Moughamian acknowledged that there was normally a container of water on the bar in the café so
that golfers could serve themselves a cup of water. She had seen water on the floor from spills
that occurred while patrons were using the water dispenser on the bar. About a month prior to
Vera’s fall, Moughamian had spilled water while filling her water bottle at the bar. She told Juarez
about it and he dried the floor with a towel.
¶9 In his discovery deposition, Juarez stated that he did not see Vera fall but he heard her call
for help. He saw Vera sitting up on the floor holding her left wrist and arm. She was bleeding and
there was blood on the floor. She was about two feet from the corner of the bar, which was about
6 to 8 feet from the water dispenser on the bar. He retrieved a towel and wrapped Vera’s wound.

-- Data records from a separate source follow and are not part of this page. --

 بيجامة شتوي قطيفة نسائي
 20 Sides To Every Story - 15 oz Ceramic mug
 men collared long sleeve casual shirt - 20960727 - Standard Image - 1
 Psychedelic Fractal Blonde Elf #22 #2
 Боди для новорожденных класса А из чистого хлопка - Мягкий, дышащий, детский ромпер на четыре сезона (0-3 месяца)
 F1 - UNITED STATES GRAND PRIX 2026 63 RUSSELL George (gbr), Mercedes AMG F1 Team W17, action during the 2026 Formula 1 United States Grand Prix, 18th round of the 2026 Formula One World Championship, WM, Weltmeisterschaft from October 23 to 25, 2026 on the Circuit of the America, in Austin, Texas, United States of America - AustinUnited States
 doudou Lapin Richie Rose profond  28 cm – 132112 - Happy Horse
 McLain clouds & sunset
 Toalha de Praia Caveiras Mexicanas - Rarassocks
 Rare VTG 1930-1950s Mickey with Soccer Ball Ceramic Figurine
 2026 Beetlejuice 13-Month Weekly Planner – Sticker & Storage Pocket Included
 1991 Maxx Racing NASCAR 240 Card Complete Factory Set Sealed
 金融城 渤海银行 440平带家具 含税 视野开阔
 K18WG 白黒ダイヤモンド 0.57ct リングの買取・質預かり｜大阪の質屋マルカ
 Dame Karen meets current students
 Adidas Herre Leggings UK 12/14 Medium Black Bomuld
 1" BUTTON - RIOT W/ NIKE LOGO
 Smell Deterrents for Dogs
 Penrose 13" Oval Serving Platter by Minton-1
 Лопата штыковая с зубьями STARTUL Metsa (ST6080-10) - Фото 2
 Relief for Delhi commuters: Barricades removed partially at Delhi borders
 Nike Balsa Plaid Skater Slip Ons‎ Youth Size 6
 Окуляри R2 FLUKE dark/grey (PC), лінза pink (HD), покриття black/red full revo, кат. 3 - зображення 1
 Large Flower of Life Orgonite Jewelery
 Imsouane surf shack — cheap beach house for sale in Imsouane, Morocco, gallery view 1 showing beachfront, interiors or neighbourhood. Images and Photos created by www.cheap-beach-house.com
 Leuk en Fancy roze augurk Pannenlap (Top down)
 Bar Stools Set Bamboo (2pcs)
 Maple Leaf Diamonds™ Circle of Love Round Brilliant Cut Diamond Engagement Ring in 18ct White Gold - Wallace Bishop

Juarez then called 911 and asked another employee to call Vera’s husband, John. He stayed with
Vera until the paramedics arrived. During that time, Vera did not say why she fell. After the
paramedics took Vera away, Juarez did not see any debris or water on the floor, just some droplets
of blood. Juarez denied telling John Purcell that Vera slipped on water. Vera’s fall was the first
reported fall inside the clubhouse that he was aware of. He was not aware of any other falls that
occurred after Vera’s. Juarez acknowledged that on one occasion he had cleaned up water on the
floor near the water dispenser on the bar because someone had spilled a water bottle.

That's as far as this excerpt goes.